Thanks for all of your help and it just goes to show to everyone out there that you can't know for sure until you see a health care provider and get the right kind of tests. Just because someone (even a doctor) thinks something is true does not make it so. :-)
How was he diagnosed as having hsv2 orally? Lesion culture and typing from an oral lesion?
Hsv2 orally doesn't often happen but when it does - it tends not to reoccur ( statistically it only reoccurs once in a lifetime ). It also only sheds about 1% of days if you are hiv negative so that's why it's so unlikely that it will be transmitted to a partner either orally or genitally.
Most folks who have hsv2 orally also have it genitally whether they've noticed genital ob's or not - unless of course their only contact was performing oral sex on the person they contracted it from. Just something to consider when deciding what precautions, if any you want to utilize in your relationship. Unfortunately without any obvious genital lesions the only way to confirm this would be from daily pcr swabbing of the genital area to check for hsv2. Perhaps keep an eye out on clinicaltrials.gov to see if any studies are offered in your area - otherwise it gets quite costly to swab yourself at home for a few weeks ( well your partner in this case ).
grace
Thanks for the heads-up about the FAQs. I have not looked at them for some time. It sounds like this one needs updating, and perhaps others do as well.
To the extent that oral HSV-2 is relatively uncommon, the reply is correct. But when oral HSV-2 is known to be present, clearly it can be transmitted to a partner's genitals. It probably is uncommon: asymptomatic shedding appears to be quite a bit less common for oral HSV-2 than for genital HSV-2; and most STD specialists do not recall ever seeing someone with genital HSV-2 that apparently was acquired by oral sex. (To my knowledge, I have not seen such a case.) But in truth, this is hard to know with certainty, because most people with STD have had multiple exposures, and it is pretty uncommon for people who have received oral sex to have had no genital sex recently. In that case, it is easy to assume genital acquistion when the infection acutally resulted from oral sex.

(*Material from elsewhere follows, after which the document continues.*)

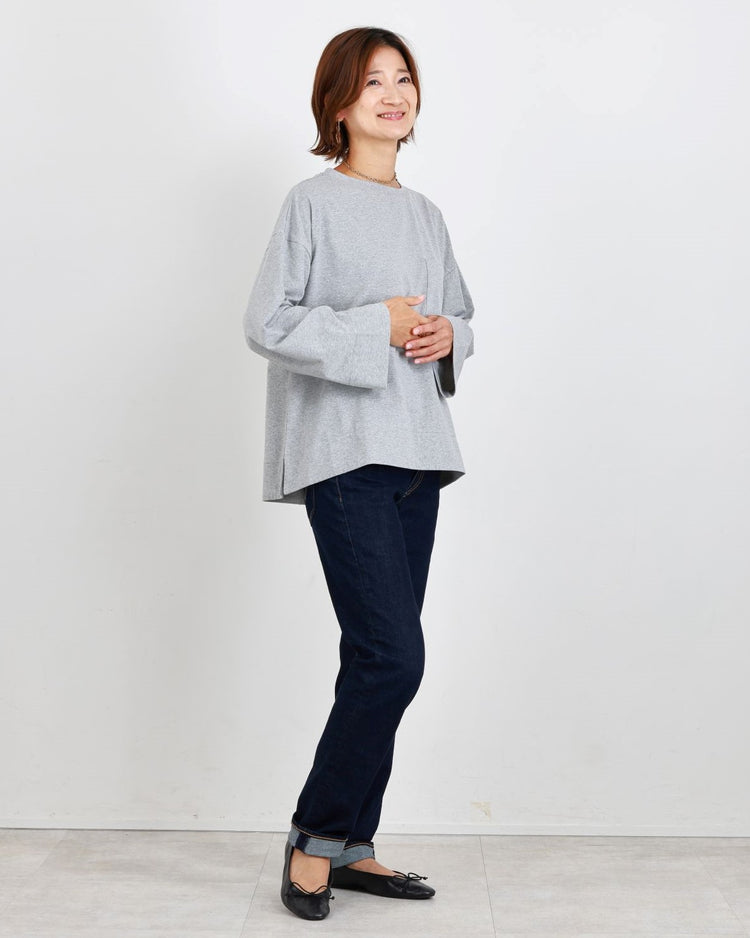 お洒落なフレアースリーブ デザインT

There are no data on oral-oral HSV-s transmission by kissing. I imagine in occurs, but it must be rare.
With genital HSV-2, the maximum frequency of viral shedding, and therefore transmission to partners, occurs in the first several months after acquiring the infection. To my knowledge, this has not been studied for oral HSV-2. However, you should assume it to be the case. In other words, you probably are at higher risk now than you will be later for acquiring your partner's infection. For either kissing or oral-genital contact (indeed for any contact between your partner's mouth and any part of your body), be especially alert in the next few months for symptomatic recurrences.
I hope this helps. Thanks for your kind words about the forum.